Peter Grummitt

Personal information
- Date of birth: 19 August 1942 (age 83)
- Place of birth: Bourne, England
- Height: 1.78 m (5 ft 10 in)
- Position: Goalkeeper

Senior career*
- Years: Team / Apps / (Gls)
- 1958-1959: Bourne Town / 6 / (0)
- 1960–1970: Nottingham Forest / 313 / (0)
- 1970–1973: Sheffield Wednesday / 121 / (0)
- 1973–1977: Brighton and Hove Albion / 136 / (0)
- 1977–1978: Worthing

International career
- 1961–1963: England under-23 / 3 / (0)

= Peter Grummitt =

English footballer

Peter Grummitt (born 19 August 1942) is an English footballer who played as a goalkeeper in the Football League during the 1960s and 1970s, most notably with Nottingham Forest.

He made 352 senior appearances for Forest before transferring to Sheffield Wednesday in 1970.

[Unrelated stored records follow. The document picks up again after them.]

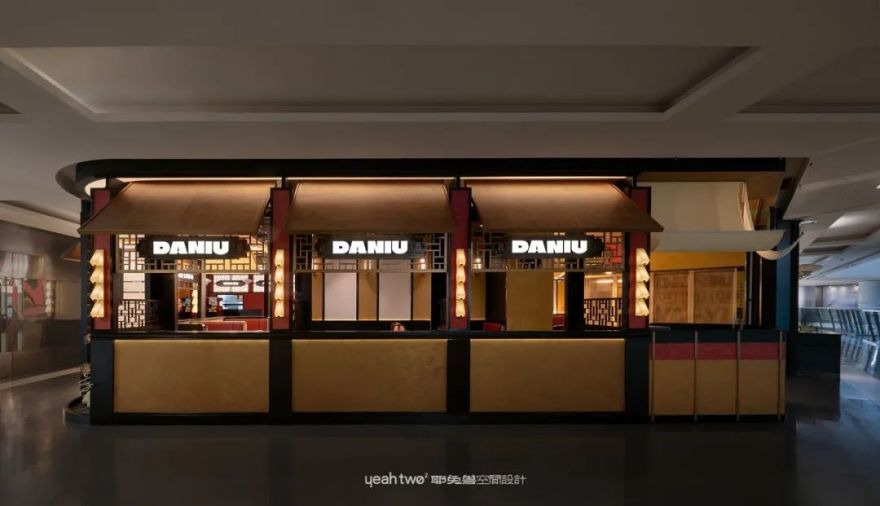 大牛寿喜烧|耶兔兽设计-79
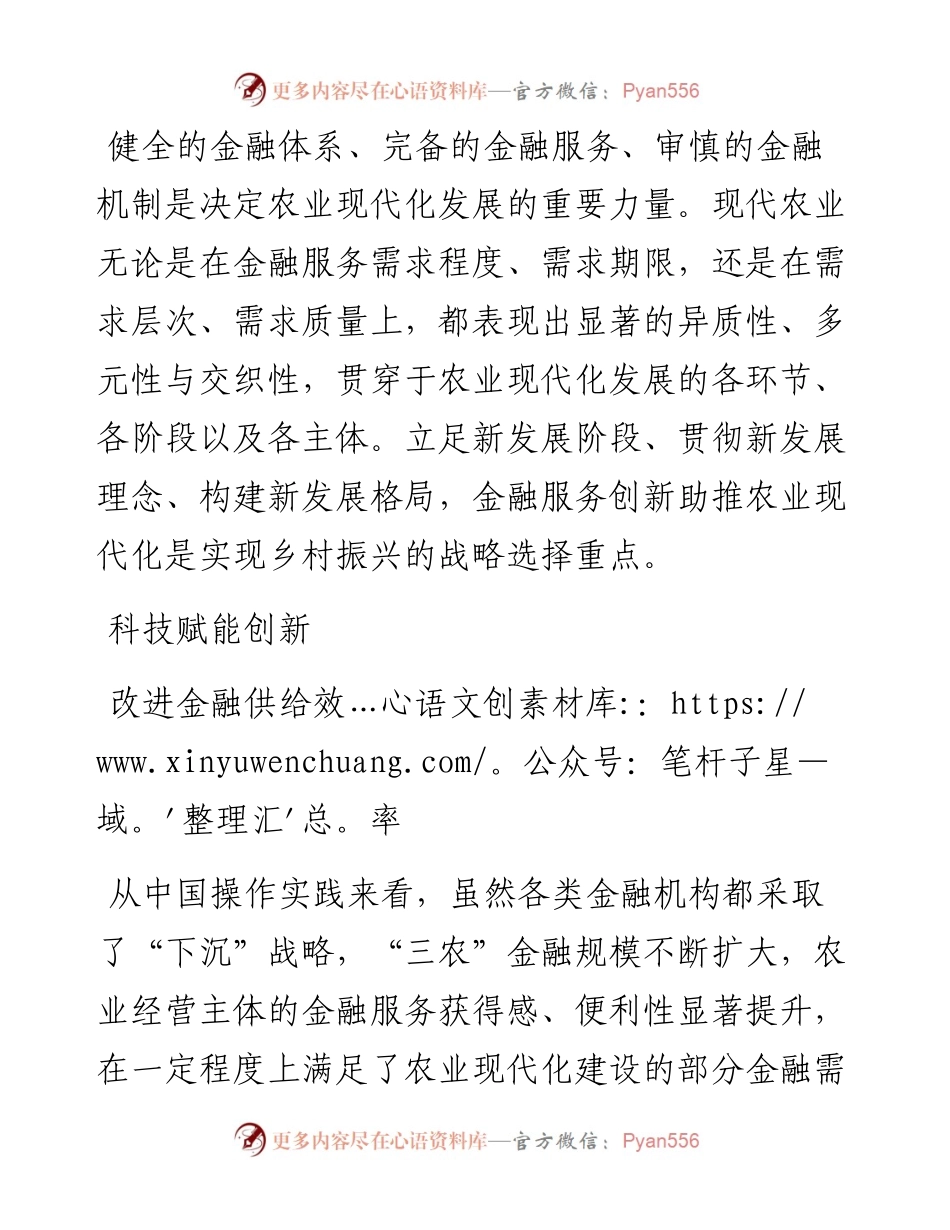 文汇系列3218--金融工作主题研讨发言汇编.docx_第2页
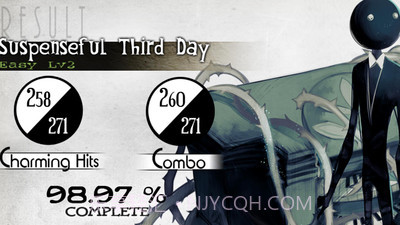 古树旋律2截图2 古树旋律2截图2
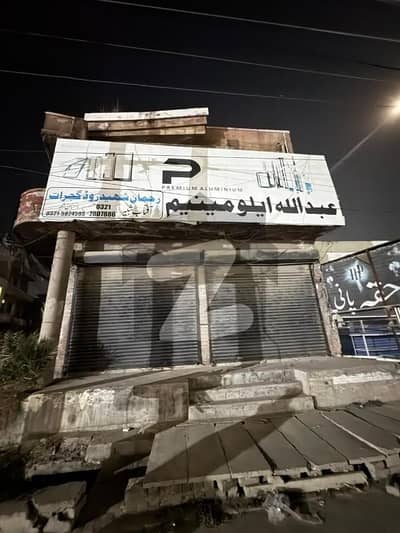 2 Marla Corner Commercial Building Double Story For Sale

During his time with Wednesday he made 130 senior appearances, and missed just one game during the 1970-71 season. In April 1973 he played his last game for Wednesday before joining Brighton and Hove Albion, then managed by Brian Clough, on loan after Brighton had been beaten 8–2 by Bristol Rovers in front of the TV cameras. Despite losing 4–1 on his debut against Tranmere Rovers Grummitt made over 100 league appearances for the Seagulls before joining Worthing F.C.

He was capped on three occasions by England under-23 between 1961 and 1963.